Pendant plusieurs semaines, nos résigraphes ont suivi les étapes de ce projet pas comme les autres.
L’objectif : accompagner chaque temps fort du parcours de création, des premières répétitions jusqu’au concert de restitution. Le groupe, a guidé chaque séance avec une énergie communicative, permettant aux élèves de créer un morceau inédit, de comprendre ce que signifie jouer ensemble, de ressentir la puissance d’une batterie, d’un riff de guitare, d’une voix qui porte.
Ce que nos appareils ont capturé, ce ne sont pas seulement des moments musicaux.
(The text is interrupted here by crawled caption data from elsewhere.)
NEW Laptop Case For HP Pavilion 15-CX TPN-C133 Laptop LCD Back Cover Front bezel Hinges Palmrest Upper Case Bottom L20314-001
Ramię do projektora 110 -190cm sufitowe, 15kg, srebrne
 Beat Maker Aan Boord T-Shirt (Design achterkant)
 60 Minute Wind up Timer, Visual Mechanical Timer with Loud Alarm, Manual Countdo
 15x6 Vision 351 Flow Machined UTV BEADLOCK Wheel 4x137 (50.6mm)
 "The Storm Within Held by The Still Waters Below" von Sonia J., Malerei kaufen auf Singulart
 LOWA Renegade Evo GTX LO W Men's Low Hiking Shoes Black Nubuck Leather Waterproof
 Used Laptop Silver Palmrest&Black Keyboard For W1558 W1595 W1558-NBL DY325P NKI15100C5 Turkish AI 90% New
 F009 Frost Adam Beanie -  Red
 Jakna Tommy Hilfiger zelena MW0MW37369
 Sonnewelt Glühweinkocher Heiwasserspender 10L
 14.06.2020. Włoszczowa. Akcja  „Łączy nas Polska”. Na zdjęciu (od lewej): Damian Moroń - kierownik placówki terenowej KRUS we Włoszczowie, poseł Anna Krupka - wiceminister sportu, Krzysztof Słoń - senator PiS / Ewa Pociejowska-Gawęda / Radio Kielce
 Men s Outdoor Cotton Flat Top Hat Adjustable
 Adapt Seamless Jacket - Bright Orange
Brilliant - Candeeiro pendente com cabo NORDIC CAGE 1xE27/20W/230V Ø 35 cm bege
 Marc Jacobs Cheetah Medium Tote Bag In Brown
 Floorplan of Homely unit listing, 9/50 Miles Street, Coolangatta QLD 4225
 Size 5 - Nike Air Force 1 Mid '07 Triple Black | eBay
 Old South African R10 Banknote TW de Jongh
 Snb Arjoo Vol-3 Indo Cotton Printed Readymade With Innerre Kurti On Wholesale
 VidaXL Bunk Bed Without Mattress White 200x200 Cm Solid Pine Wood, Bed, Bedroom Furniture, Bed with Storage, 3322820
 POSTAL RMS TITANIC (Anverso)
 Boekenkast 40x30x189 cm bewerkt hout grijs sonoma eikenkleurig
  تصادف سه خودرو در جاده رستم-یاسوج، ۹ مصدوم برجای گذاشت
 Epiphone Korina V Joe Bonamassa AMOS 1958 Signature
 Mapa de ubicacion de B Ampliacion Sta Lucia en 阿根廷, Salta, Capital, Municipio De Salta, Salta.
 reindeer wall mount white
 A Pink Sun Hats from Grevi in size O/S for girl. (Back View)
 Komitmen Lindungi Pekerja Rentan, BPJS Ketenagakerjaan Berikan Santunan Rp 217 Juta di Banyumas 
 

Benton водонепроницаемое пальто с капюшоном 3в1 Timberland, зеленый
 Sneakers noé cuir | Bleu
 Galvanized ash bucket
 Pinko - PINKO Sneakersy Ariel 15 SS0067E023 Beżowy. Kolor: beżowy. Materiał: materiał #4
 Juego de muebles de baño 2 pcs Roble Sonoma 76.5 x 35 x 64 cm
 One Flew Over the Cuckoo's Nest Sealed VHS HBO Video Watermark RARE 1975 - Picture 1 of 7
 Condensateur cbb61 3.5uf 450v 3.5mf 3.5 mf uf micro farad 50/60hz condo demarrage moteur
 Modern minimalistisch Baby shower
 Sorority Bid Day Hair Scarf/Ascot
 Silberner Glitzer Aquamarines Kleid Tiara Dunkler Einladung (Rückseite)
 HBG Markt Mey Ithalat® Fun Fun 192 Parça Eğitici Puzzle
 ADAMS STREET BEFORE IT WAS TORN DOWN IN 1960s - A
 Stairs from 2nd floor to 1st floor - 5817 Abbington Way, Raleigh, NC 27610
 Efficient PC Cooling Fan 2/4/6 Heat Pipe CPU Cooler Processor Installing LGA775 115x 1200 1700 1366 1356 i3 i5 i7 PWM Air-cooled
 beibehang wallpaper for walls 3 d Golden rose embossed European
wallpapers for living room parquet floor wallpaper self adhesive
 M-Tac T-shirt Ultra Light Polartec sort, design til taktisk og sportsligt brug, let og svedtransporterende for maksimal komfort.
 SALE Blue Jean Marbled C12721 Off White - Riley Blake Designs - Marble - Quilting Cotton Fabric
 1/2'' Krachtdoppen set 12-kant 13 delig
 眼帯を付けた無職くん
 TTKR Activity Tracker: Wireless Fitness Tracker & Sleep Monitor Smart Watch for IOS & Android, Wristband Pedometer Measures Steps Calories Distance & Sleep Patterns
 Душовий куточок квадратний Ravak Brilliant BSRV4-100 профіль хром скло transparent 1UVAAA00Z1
Ce sont des visages qui s’illuminent, des mains qui cherchent le bon rythme, des enfants qui découvrent qu’ils sont capables de créer de la musique et pas seulement de l’écouter.
Puis le grand soir est arrivé. Les Tanzmatten, ce lieu emblématique de la vie culturelle sélestadienne niché au bord de l’Ill, ont accueilli le concert final. Les membres de Yojimbo ont pris place aux côtés des élèves pour une restitution qui restera gravée dans les mémoires. La salle, dans ce cadre de bois et de verre qui dialogue si bien avec la nature environnante, a vibré d’une énergie rare.
Du côté de Résigraphies, notre rôle était de fixer ce moment, de le rendre visible, de lui donner une vie au-delà de l’instant. Nos photographes et vidéastes ont travaillé en discrétion pour capter l’authenticité de la scène : les regards complices entre musiciens professionnels et jeunes apprentis, la concentration sur les visages juste avant de monter sur scène, et puis l’explosion de fierté à la dernière note.
Ce type de projet illustre exactement la raison d’être de Résigraphies : documenter ce qui se passe dans nos territoires, valoriser les initiatives culturelles qui transforment la vie des gens. La Fabrique à Musique, portée localement par Zone51 avec la complicité artistique de Yojimbo, est une preuve concrète que l’art peut être vecteur de lien, de confiance en soi, et d’appartenance à une communauté.
Merci à Zone51 pour la confiance accordée, à Yojimbo pour leur investissement généreux auprès des élèves, et bien sûr à toutes celles et ceux qui ont rendu ce projet possible — enseignant, bénévoles, et parents. Et merci à ces enfants qui ont osé monter sur scène nous faire un show mémorable qui restera un moment fort dans le cœur de tous.